The Taxes and Growth Model—A Brief Overview

May 06, 2014

The Tax Foundation’s Taxes and Growth (TAG) model has two main, interactive components.[1] The first part, known as a production function, relates inputs of labor and capital to the economy’s output. The particular type of production function chosen, Cobb-Douglas, has historically provided a good fit for U.S. economic data.

The quantities of labor and capital that people wish to supply in an economy depend on incentives, and some of those incentives are tax related. If tax changes reduce after-tax rewards for working or investing, people will be less eager to work or invest. Conversely, they will wish to work and invest more if tax changes increase after-tax rewards by taking a smaller bite at the margin out of the returns on productive efforts.

The production function computes how the tax-induced changes in labor and capital inputs will affect economic output. Empirically, the supply of labor responds modestly to changes in after-tax rewards, while people’s willingness to save and invest is extremely sensitive to expected after-tax rewards. This means that while higher marginal tax rates on labor cause people to work less, taxes that increase the cost of capital, such as dividend and capital gains taxes, slower cost recovery schedules, and the corporate income tax, elicit much greater negative responses.

The second part of the TAG model is an individual income tax calculator. Using a sample of approximately 140,000 anonymous tax records from the Internal Revenue Service (the 2008 Public Use File), the model calculates people’s marginal and average income tax rates and their tax liabilities. For proposed income tax changes, the model computes the effects on how much is taxable, income tax rates, and the resulting tax liabilities. If marginal tax rates or depreciation schedules change, that will lead to adjustments in the supplies of labor and capital, which will produce changes in employment, investment, productivity, output, and growth. These real economic changes will then feed back on the income tax, because the size and health of the economy have a strong impact on income tax collections. Because capital formation reacts so strongly to after-tax rewards, a tax change that is primarily assessed on returns to capital will generate an especially large positive or negative growth effect.

The TAG model is a long-run model. Its results estimate the economic and tax revenue changes after people have fully adjusted to the new tax rules. (This is known as a comparative statics model.) While the adjustment process is not instantaneous, it does not take that many years. With capital, experience indicates that most of the adjustments will have been completed after five years for equipment and ten years for structures.

Although the tax data is for 2008, tax parameters have been updated to reflect current law, and tax rates and liabilities have been recalculated accordingly. The production function’s baseline is calibrated to National Income and Product Accounts (NIPA) data for 2008 as computed by the U.S. Bureau of Economic Analysis (BEA). That was the last year of reasonably normal NIPA data before the recession hit with full force.

Our Taxes and Growth model is a valuable policy tool in two respects. One is that it highlights the growth implications of tax proposals. The TAG model provides an estimate for how a tax change will affect the size of the economy (GDP), number of jobs, wages, and federal revenue, among other measures.

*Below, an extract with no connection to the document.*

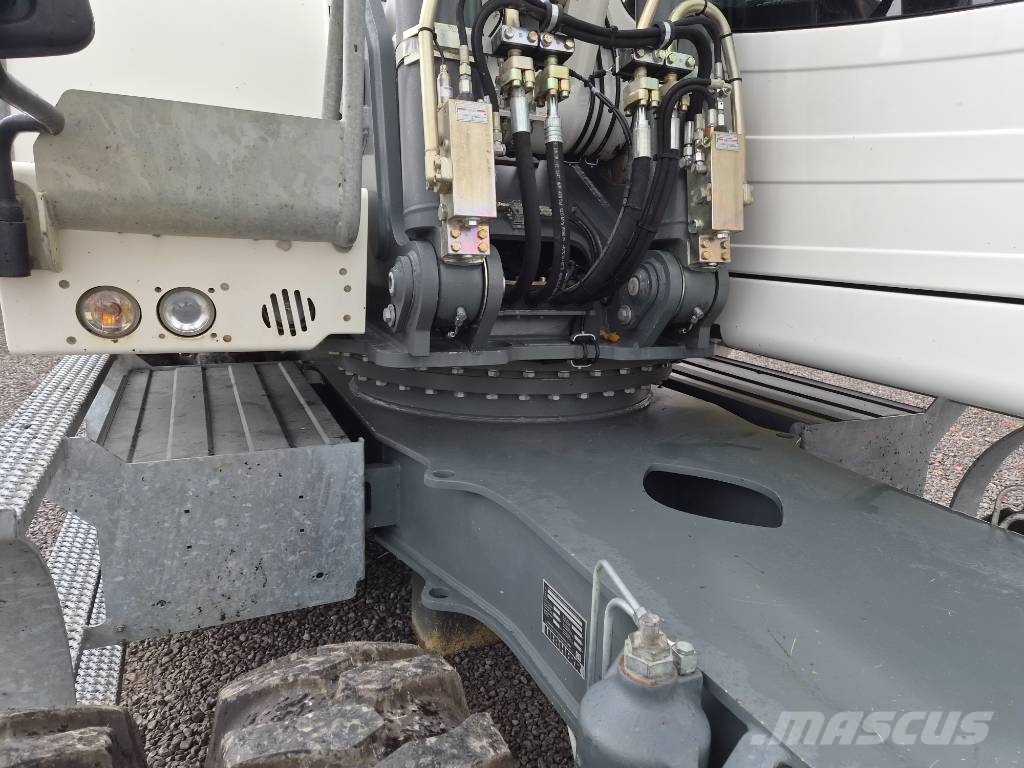 Liebherr A 920 Litronic Bagri na kolesih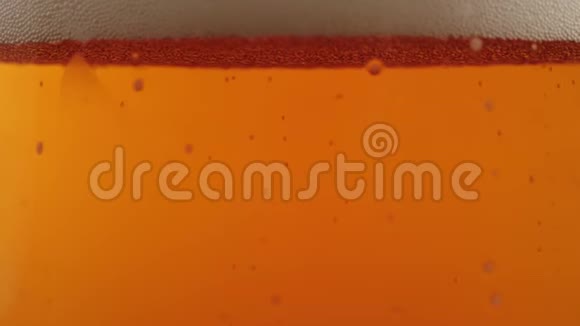 新鲜啤酒啤酒杯中的美味工艺啤酒放入黑色背景的木桌中带水滴的冷鲜啤酒视频的预览图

If a tax change would expand investment, create new jobs, and bolster the nation’s output, policymakers and voters should be informed of that. Positive growth effects make a tax proposal more desirable than otherwise. Conversely, if a tax change would shrink the economy, the public should be aware of that as well. Moreover, because the model’s estimates are objective and quantitative, they allow different tax proposals to be ranked by the size of their growth effects.

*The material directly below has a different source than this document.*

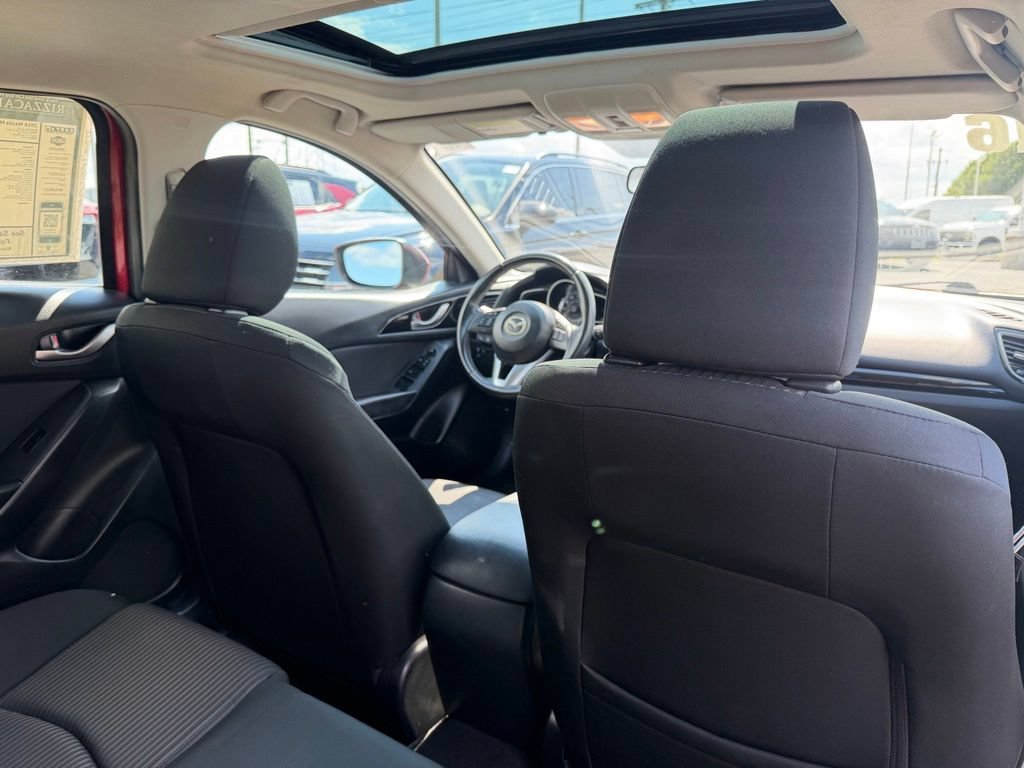 Used 2016 MAZDA MAZDA3 i Touring FWD image 22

The second valuable aspect of the TAG model is that its revenue estimates are more realistic than conventional revenue estimates when growth effects are large. Conventional revenue estimates usually assume that while tax changes may cause shifts within the economy, they do not alter the economy’s total size and productivity. Because the economy’s size has a major impact on government revenues, the static assumption causes conventional revenue scoring to exaggerate both the revenue gain from anti-growth tax measures and the revenue cost of pro-growth tax initiatives. The TAG model produces dynamic revenue estimates free of that bias.

Although tax proposals should be evaluated according to many criteria, among them simplicity, enforceability, and fairness, growth is one of the most important considerations. With its realistic, real-time, quantitative estimates, our Taxes and Growth model improves the policy debate by bringing into better focus the growth consequences of taxes.